The Illini squared off head-to-head at Friday's practice during the Oklahoma drill.
April 2, 2010
By John Lock, Illinois Sports Information
Friday's practice marked the third of the spring season but was the first day of pads, and there was no shortage of excitement about the opportunity to do some hitting.
The Illini started off practice with the Oklahoma drill - a drill several Illini described as "definitely" the most spirited drill they run through.
"It was nice to get back on the field and get those heads ringing a little bit," junior linebacker Russell Ellington said.
During an Oklahoma drill, two Illini line up against each other, with the defender trying to shed a block and tackle a ball carrier - and the whole is team right there watching to see who wins.
"It's just you and one other person, battling it out to see who is the tougher man," Ellington said.
One man doing some winning was senior receiver Jarred Fayson, who drew some "oooh" moments for his hits. A guy used to catching passes, Fayson doesn't shy away from contact when the pads go on.
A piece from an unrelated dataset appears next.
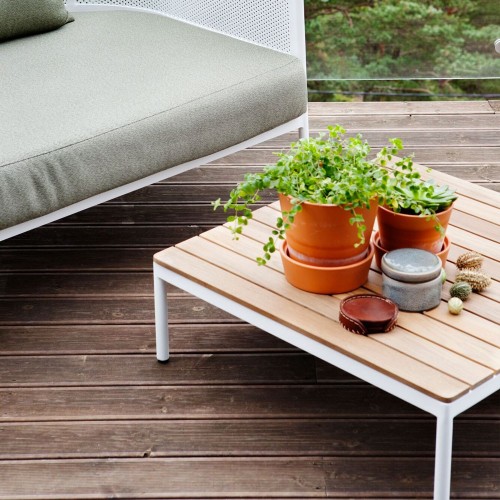 Mesa de centro Riad 74x74 cm teca / blanco Oasiq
"You can't wait to get out there and catch balls," Fayson said. "But you also can't wait to get to put the pads on and hit someone."
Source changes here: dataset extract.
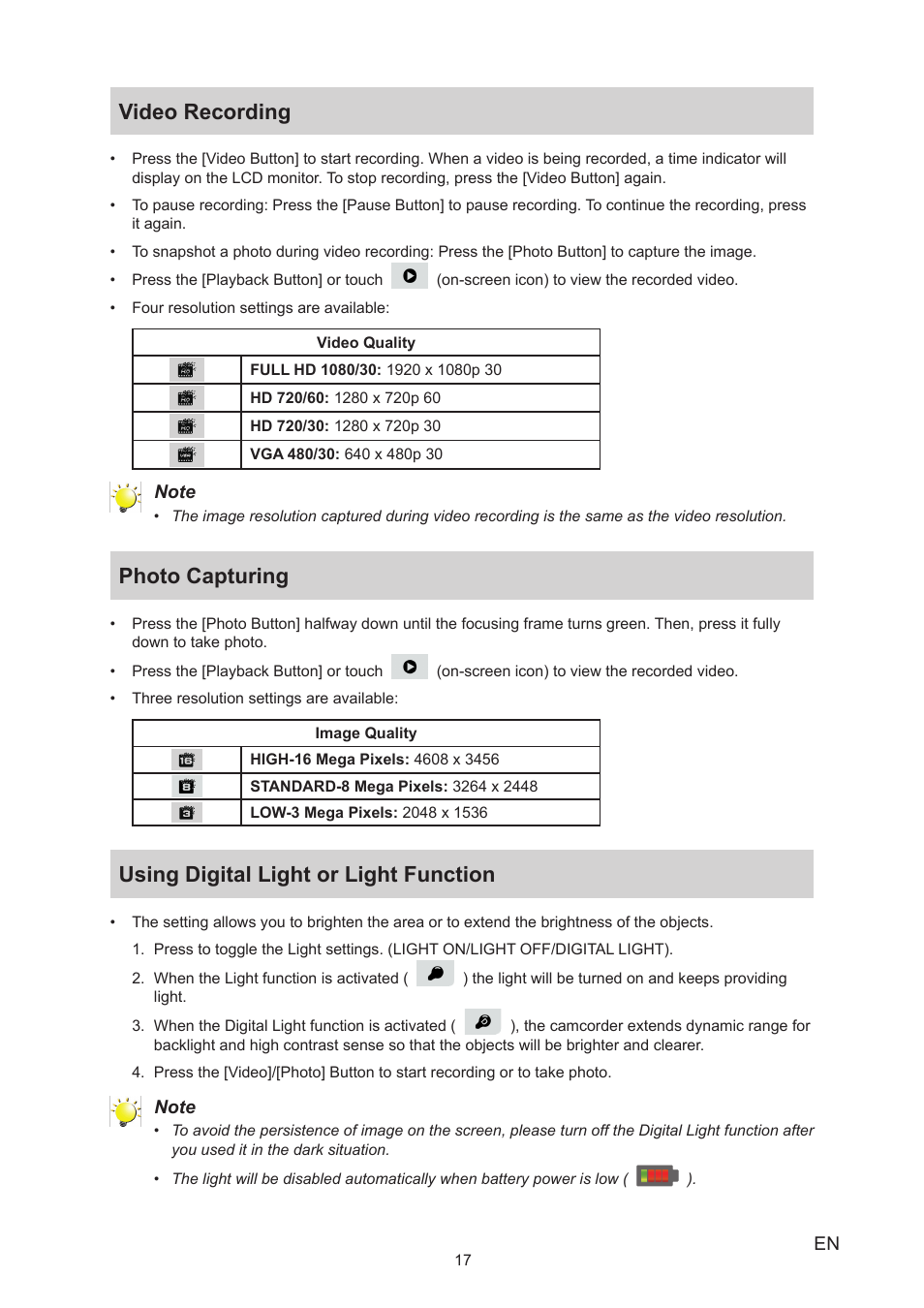 Video recording, Photo capturing, Using digital light or light function | Toshiba Camileo X200 User Manual | Page 17 / 55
The excitement goes for players and coaches alike, but the coaches have to worry about players getting too excited. Head coach Ron Zook said junior lineman Corey Lewis left practice with a cut above his eye.
"Tomorrow we have a scrimmage," offensive line coach Joe Gilbert said. "You tell them we want a collision and finish, but don't take anyone down. They want to finish, but we don't want to lose anybody."
Still, the Oklahoma drill provides an opportunity for everyone to see who the roughest and toughest players are, and the players have no problem showing them.
"That's fun. It's an energy thing; it's a toughness thing," Gilbert said of the Oklahoma drill. "You want to see people who will put their face on someone and hit them."
Gilbert noted the practice "started out hot with the Oklahoma drill," something that surprised no one. Ellington said the players were talking about it "all day today."
"It's pretty exciting," Fayson said. "Going through winter conditioning, and doing all those things. Now we finally get to do what we came here to do, and that's to put the pads on."
Asked which he looks forward to more, the first day of practice or the first day of pads, Ellington didn't hesitate to take the pads.
"It gives you more of a game feel," Ellington said. "When you're just tagging off, you're not sure if you're really going to make the play. With pads, you're going to know if you're in position to make tackles.
"Spring football is always fun. You're competing against your teammates - the guys you go to battle with each week - you're going against each other and seeing what everyone has."
After all, it's been a while since these Illini have competed against each other in full pads. The last time in pads was before Illinois' Dec. 5 game vs. Fresno State.
It gave everyone a chance "to get the rust off," as Fayson put it.
It also gives the players a chance to give themselves bragging rights - for themselves and their unit. While Fayson represented the receivers well, Ellington defended his linebacking corps as the toughest hitters in practice.
"I'm a linebacker, so I have to say the linebackers," Ellington said. "The d-line usually wins the battles because they're up close and get to use their hands more. But I have to say the linebackers have the biggest impact."
Before Saturday's scrimmage, the hardest-hitting Illini was still up in the air. Either that, or the hardest-hitter hasn't collided with the shifty Fayson. But neither has anyone else.
"I'll be able to tell who hits the hardest in a couple weeks," Fayson said. "Someone has to hit me first."
Spring Practice Update
Saturday's (4/3) practice will begin at 10 a.m. on the East practice fields and is open to the public. The team will scrimmage inside Memorial Stadium at approximately 11:30 a.m.